Your goal: Could you print all the entries below exactly as they appear, omitting the pictures?

The data:
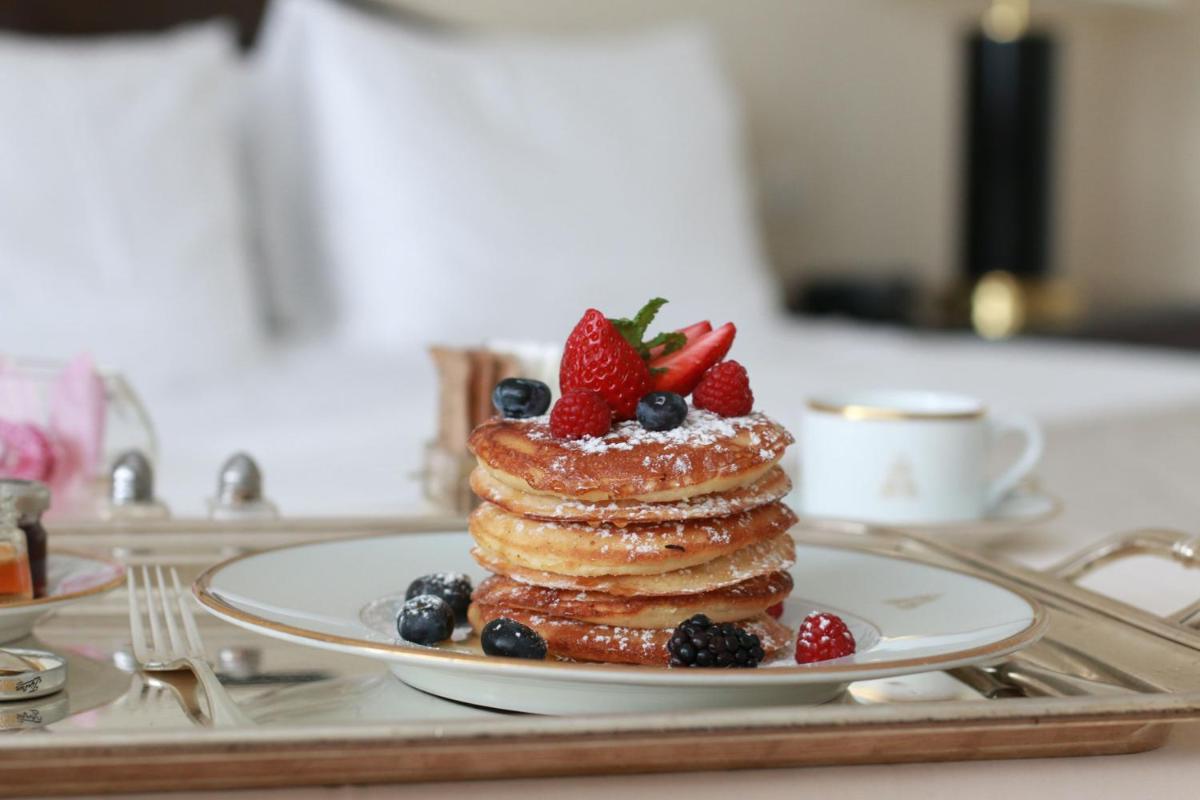 a stack of pancakes with strawberries and blueberries on a tray at Four Seasons Hotel Bengaluru at Embassy ONE in Bengaluru a stack of pancakes with strawberries and blueberries on a tray at Four Seasons Hotel Bengaluru at Embassy ONE in Bengaluru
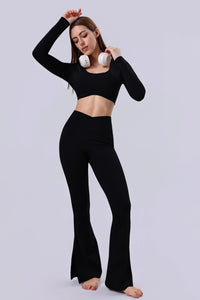 Woman in black long sleeve crop top and flared leggings with white headphones, activewear set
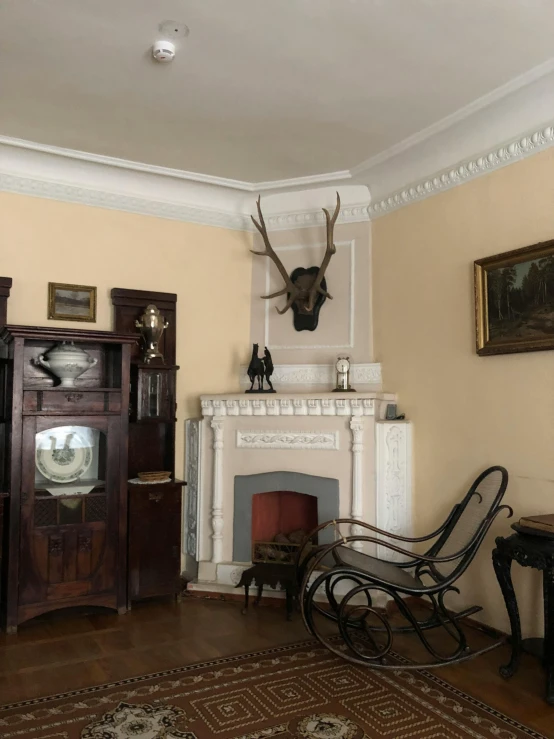 a vintage rocking chair sits in the middle of an old living room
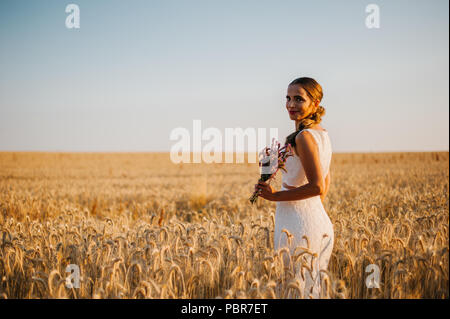 Sposa tiro con un mazzo di fiori in un campo Foto Stock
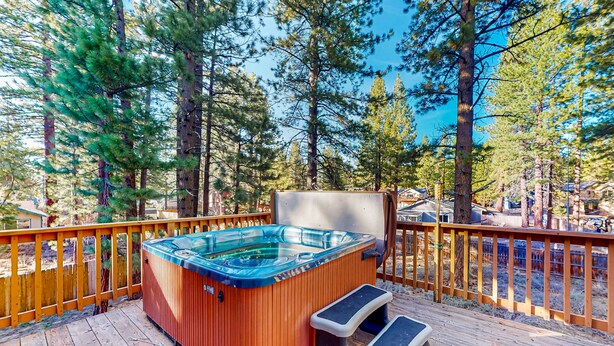Ein Whirlpool auf einer Holzterrasse mit Holzgeländer, umgeben von hohen Bäumen.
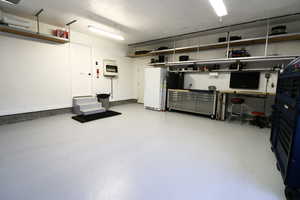 Garage with white fridge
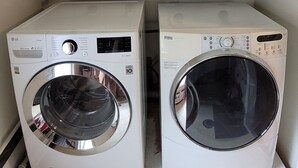 Two front-loading washing machines with shelves above containing folded towels and linens. - Waterfront Cottage with a sand beach! (Green Bay)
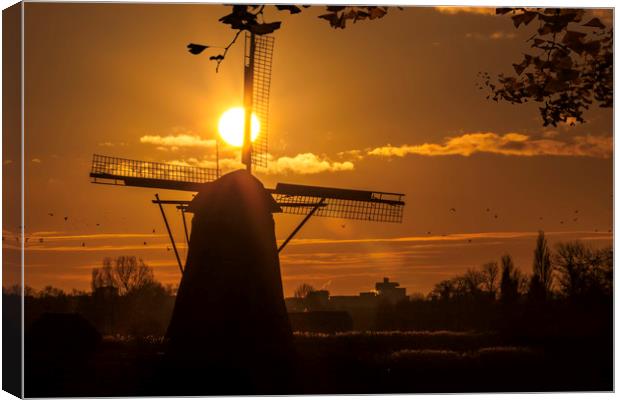 Windmill at the warm and red color sunrise Canvas Print by Ankor Light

Exercise output:
 a stack of pancakes with strawberries and blueberries on a tray at Four Seasons Hotel Bengaluru at Embassy ONE in Bengaluru a stack of pancakes with strawberries and blueberries on a tray at Four Seasons Hotel Bengaluru at Embassy ONE in Bengaluru
 Woman in black long sleeve crop top and flared leggings with white headphones, activewear set
 a vintage rocking chair sits in the middle of an old living room
 Sposa tiro con un mazzo di fiori in un campo Foto Stock
Ein Whirlpool auf einer Holzterrasse mit Holzgeländer, umgeben von hohen Bäumen.
 Garage with white fridge
 Two front-loading washing machines with shelves above containing folded towels and linens. - Waterfront Cottage with a sand beach! (Green Bay)
 Windmill at the warm and red color sunrise Canvas Print by Ankor Light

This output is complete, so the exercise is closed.